- **Instructions for the task**:
Beginning with the first line, retype exactly the records below up to and including the line with "3rd image of"; pictures do not belong in the copy.

━━━━━ Supplied records ━━━━━

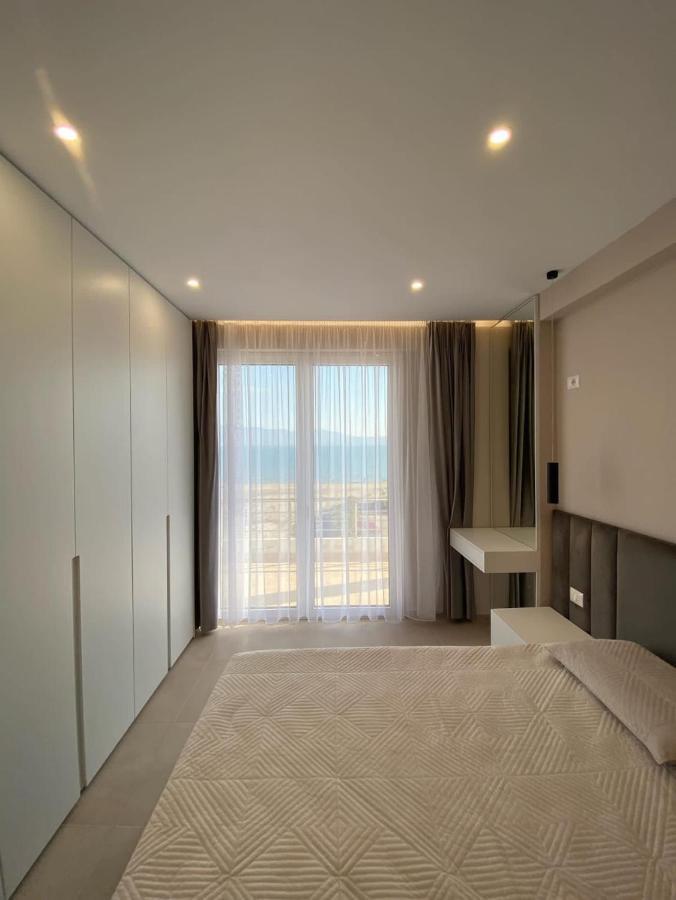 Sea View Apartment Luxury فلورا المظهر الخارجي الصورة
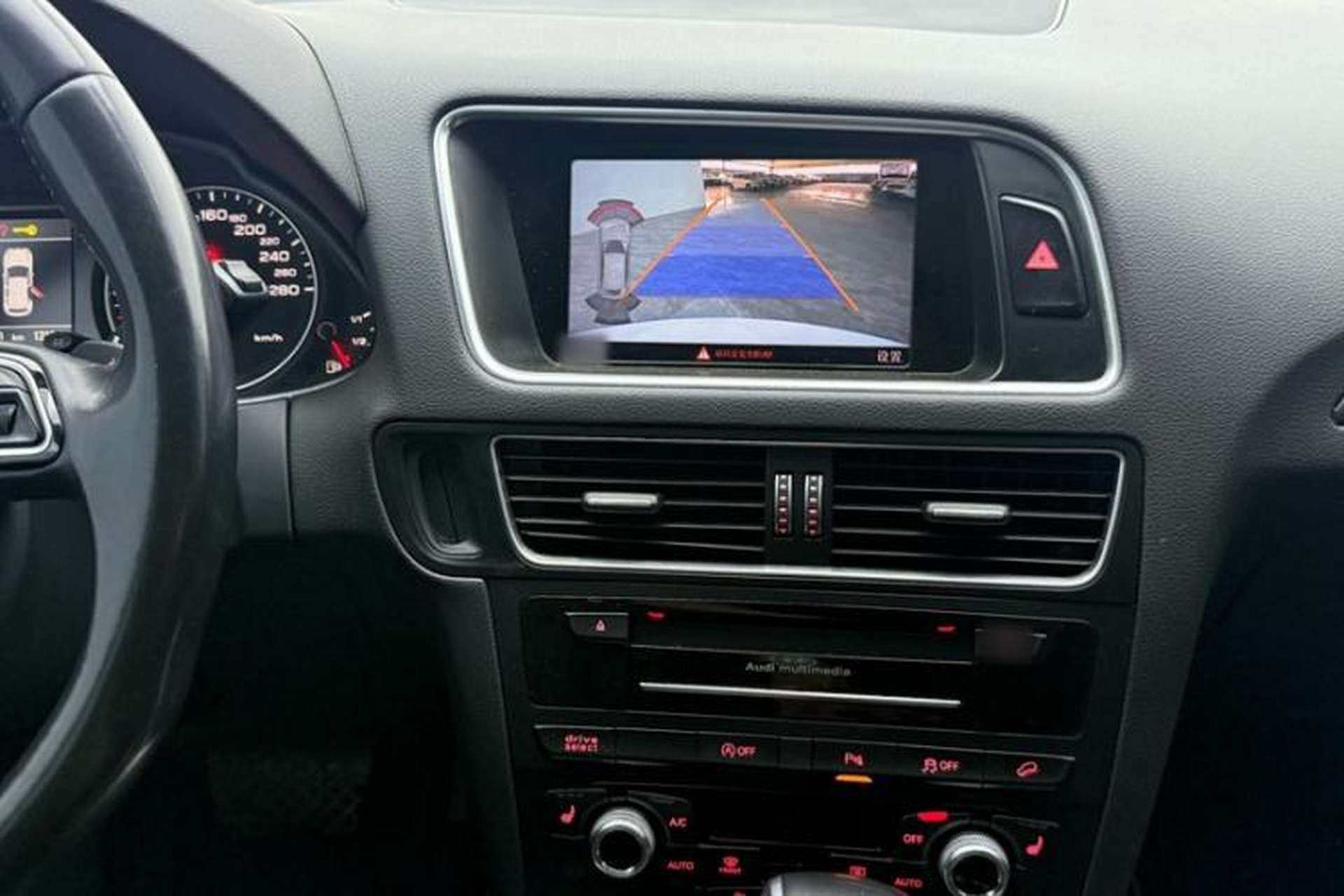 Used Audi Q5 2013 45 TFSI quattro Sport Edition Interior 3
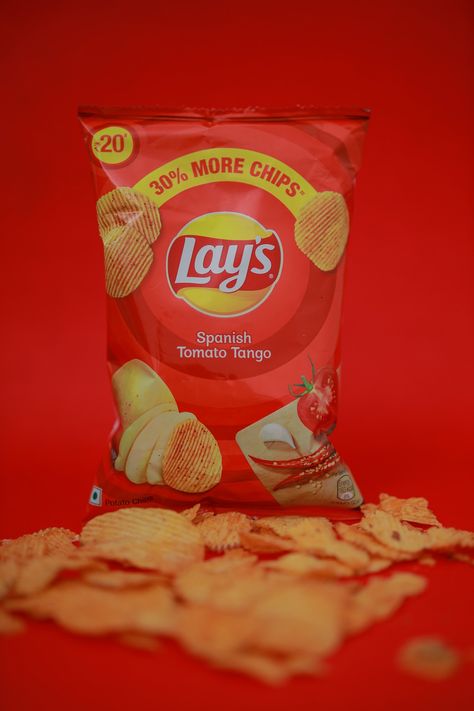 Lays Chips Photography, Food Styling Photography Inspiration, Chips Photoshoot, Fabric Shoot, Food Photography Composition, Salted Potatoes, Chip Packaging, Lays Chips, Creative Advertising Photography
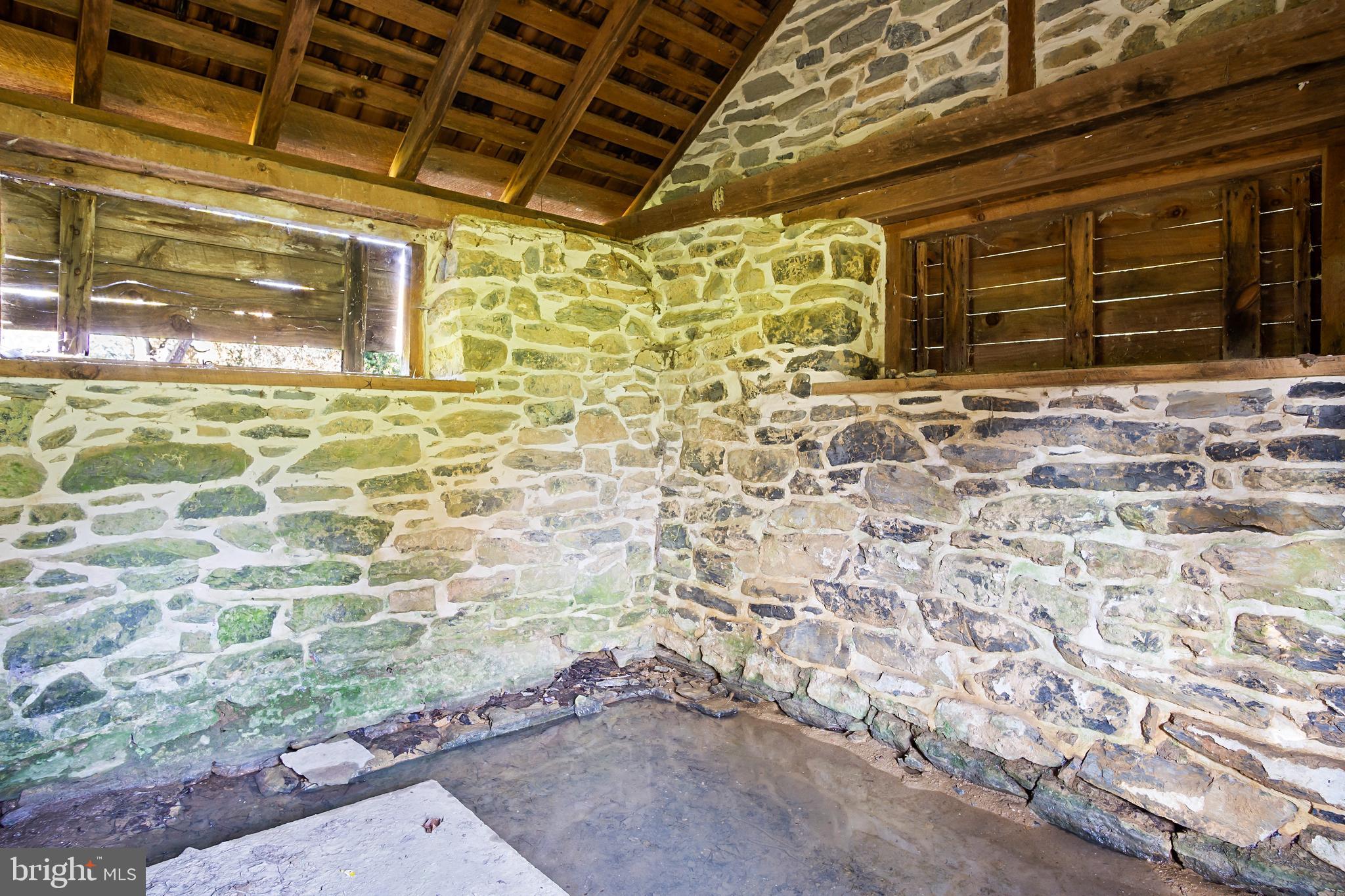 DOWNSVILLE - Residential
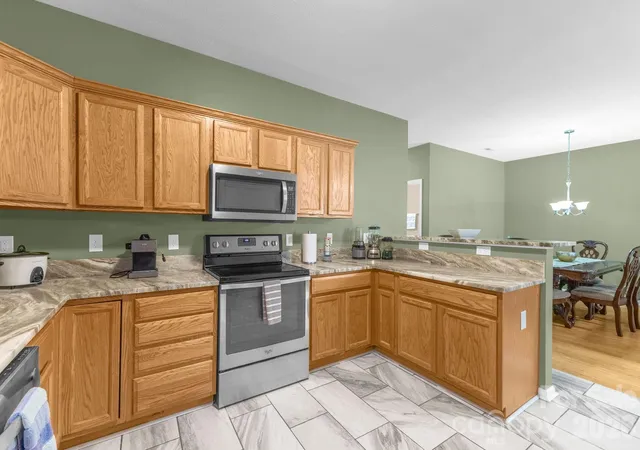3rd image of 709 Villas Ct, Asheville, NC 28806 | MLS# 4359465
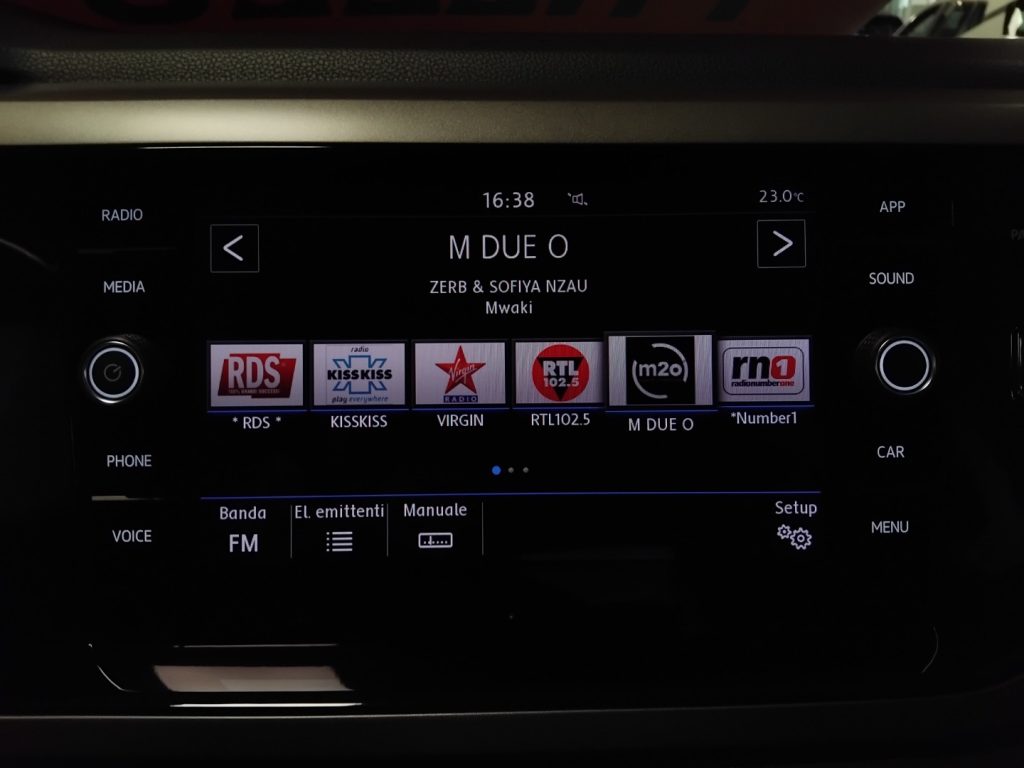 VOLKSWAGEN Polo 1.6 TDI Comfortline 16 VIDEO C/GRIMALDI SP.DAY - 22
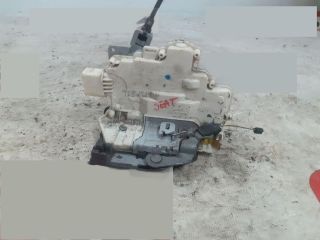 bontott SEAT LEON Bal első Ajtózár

━━━━━

- **Answer for this exercise**:
 Sea View Apartment Luxury فلورا المظهر الخارجي الصورة
 Used Audi Q5 2013 45 TFSI quattro Sport Edition Interior 3
 Lays Chips Photography, Food Styling Photography Inspiration, Chips Photoshoot, Fabric Shoot, Food Photography Composition, Salted Potatoes, Chip Packaging, Lays Chips, Creative Advertising Photography
 DOWNSVILLE - Residential
3rd image of 709 Villas Ct, Asheville, NC 28806 | MLS# 4359465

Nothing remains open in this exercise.